COPY INTO awss3.zips_from_json2 FROM '@Samples/samples.dremio.com/zips.json' FILE_FORMAT 'json';
A couple of benefits of the COPY INTO approach:
- It will use the schema of the destination table, whereas CTAS won’t know the desired schema and will coerce the fields based standard JSON datatype
- You can add data from a single file as well as from a directory of files
The Iceberg Advantage
Now that your data is in an Iceberg table you can take advantage of full DML from Dremio to run updates, deletes, and upserts on your data.
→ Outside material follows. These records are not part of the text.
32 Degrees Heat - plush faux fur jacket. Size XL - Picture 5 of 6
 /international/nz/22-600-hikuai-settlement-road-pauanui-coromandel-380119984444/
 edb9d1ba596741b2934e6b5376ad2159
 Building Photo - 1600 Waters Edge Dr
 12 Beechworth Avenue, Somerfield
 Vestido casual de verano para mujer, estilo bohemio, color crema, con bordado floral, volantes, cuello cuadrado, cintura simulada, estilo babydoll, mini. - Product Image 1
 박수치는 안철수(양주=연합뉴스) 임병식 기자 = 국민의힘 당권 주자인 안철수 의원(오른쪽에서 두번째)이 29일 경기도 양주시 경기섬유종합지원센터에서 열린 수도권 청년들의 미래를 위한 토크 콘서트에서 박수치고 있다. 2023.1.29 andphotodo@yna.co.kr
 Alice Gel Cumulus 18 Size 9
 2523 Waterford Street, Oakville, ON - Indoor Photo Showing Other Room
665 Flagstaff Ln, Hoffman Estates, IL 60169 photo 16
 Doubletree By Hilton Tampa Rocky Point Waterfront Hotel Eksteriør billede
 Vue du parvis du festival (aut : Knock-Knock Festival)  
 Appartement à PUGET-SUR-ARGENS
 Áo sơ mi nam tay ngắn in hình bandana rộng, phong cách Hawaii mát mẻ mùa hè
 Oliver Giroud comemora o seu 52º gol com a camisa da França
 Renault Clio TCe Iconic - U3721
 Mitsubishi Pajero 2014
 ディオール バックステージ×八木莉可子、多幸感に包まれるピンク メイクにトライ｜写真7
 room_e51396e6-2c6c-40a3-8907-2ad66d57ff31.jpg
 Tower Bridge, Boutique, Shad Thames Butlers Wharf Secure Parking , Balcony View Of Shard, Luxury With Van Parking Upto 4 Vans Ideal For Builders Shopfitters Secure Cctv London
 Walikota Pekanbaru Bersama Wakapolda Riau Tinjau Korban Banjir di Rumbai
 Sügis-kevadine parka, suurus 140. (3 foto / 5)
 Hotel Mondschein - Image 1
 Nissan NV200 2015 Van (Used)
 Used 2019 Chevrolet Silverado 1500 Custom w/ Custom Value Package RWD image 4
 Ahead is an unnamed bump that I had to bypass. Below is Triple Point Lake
UPDATE awss3."zips_from_json" SET pop=11111 WHERE city='AGAWAM';
DELETE FROM awss3."zips_from_json" WHERE city='AGAWAM';
MERGE INTO awss3."zips_from_json" z USING (SELECT * FROM zips_staging) s ON n.id = s.id WHEN MATCH THEN UPDATE SET city = s.city, loc = s.loc, pop = s.pop, state = s.state, _id = s._id WHEN NOT MATCHED THEN INSERT (city, loc, pop, state, _id) VALUES (s.city, s.loc, s.pop, s.state, s_id);
Conclusion
Not only can you query this new Iceberg table using your Dremio account but you can also work with this table using other tools like Apache Spark, Apache Flink, and any other tool that supports Apache Iceberg and connects to your catalog, giving you open access to your data with metadata that enables smarter query planning to speed up performance and lower your cloud compute bill.